Ces dernières années, je n’arrivais pas à aller jusqu’au bout dans la lecture d’un livre. Quant au dernier ouvrage de Yasmine Khlat, intitulé « Egypte 51 », édité par Elyzad, je l’ai dévoré d’un seul trait.
Yasmine Khlat est née en 1959 à Ismaïlia en Égyptedans une famille libanaise. Elle a entamé une carrière au cinéma avant de se consacrer à l'écriture. Elle a reçu le prix « Méditerranée 2020 » et le prix de la littérature arabe 2019 pour ce roman épistolaire.
Je ne sais pas ce qui m’y a attiré. Est-ce que c’est l’action qui se déroule en grande partie en Egypte, plus précisément à Ismaïlia, tout près de ma ville natale de Port-Saïd, située aussi au bord du Canal ? Est-ce que ce sont les senteurs d’antan qui se dégagent de la période où l’on échangeait des lettres écrites à la main ? Ou bien est-ce que c’est la ressemblance entre moi et Mia, l’héroïne, quant à sa fragilité, ses fantasmes et sa réticence au mariage ? Tout est possible.

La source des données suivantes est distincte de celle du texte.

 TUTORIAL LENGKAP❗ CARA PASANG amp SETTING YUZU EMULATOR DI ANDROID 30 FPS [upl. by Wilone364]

Le roman relate, à travers des correspondances, l’amour que ressent Stéphane, médecin, pour Mia. Celle-ci est toujours hantée par un précédent amour brisé pour un homme qui n’est pas de sa classe sociale. Mia et le docteur sont tous les deux protégés par le cocon de leurs familles aisées syro-libanaises. Mais, tout bascule après la nationalisation du Canal de Suez.
Nous découvrons, au fur et à mesure, le mal-être profond de Mia qu’elle essaye de dissiper à travers la peinture. Nous notons ici l’interférence entre la peinture et l’écriture, à travers ces activités elles-mêmes ou à travers la description de tableaux, ou de scènes qui s’immobilisent pour un instant, mises dans un cadre, puis prennent tout à coup vie, pour refléter la carrière de cinéma qu’a fait Khlat, qui n’est pas trop loin de la peinture.
En lisant le roman, nous sentons de la nostalgie envers cette Egypte des années 50 juste avant la nationalisation du Canal. Mais ce qui est amusant, c’est que les personnages eux-mêmes sont nostalgiques envers le 19ème siècle- le temps du percement du Canal.
On y observe toujours un vacillement entre le monde de la résistance et de la misère et celui de la richesse, des bals masqués, etc … Entre le calme et la paix de la villa de Stéphane à Ismailia, et le bouillonnement contre le colonisateur anglais.
Bien que ce soit une image utopique de l’Egypte d’avant 56 qui a trait au rêve plus qu’à la réalité, et dont l’auteure a conscience, on pourrait toujours, à travers cet ouvrage, aller dans les traces de cette ancienne époque, et reconstituer un passé disparu pour toujours mais immortalisé par l’écriture.